Accepts `0`, `1`, or `2`.
- `0`: does not reload the page.
- `1`: reloads only when the HTTP status is larger or equal to `400`, such as `404`, `500`.
- `2`: reloads regardless of the HTTP status.
If a value that is not listed above is passed and it yields `true`, the value of `2` will be applied.
#### (integer) `cache`
Decides whether to use browser caches.
Accepts `1` or `0`.
#### (integer) `timeout`
The browser connection timeout in milliseconds.
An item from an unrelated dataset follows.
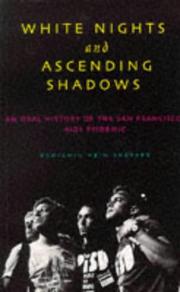 Cover of: White nights and ascending shadows: an oral history of the San Francisco AIDS epidemic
If the `WPD_TIMEOUT` environment variable value is set and shorter than this value, the `WPD_TIMEOUT` value will be used.
Default: `29000`.
#### (string) `user_agent`
Specifies a user agent.
#### (string) `username`
For a site that requires a basic authentication, set a user name with this parameter.
#### (string) `password`
For a site that requires a basic authentication, set a password with this parameter.
#### (array) `pdf`
When the output type is set to `pdf`, the following sub-arguments of the `pdf` parameter is accepted.
For more details please see [puppeteer's pdf options](https://github.com/puppeteer/puppeteer/blob/main/docs/api.md#pagepdfoptions) as the arguments are the same except some unsupported arguments.
e.g.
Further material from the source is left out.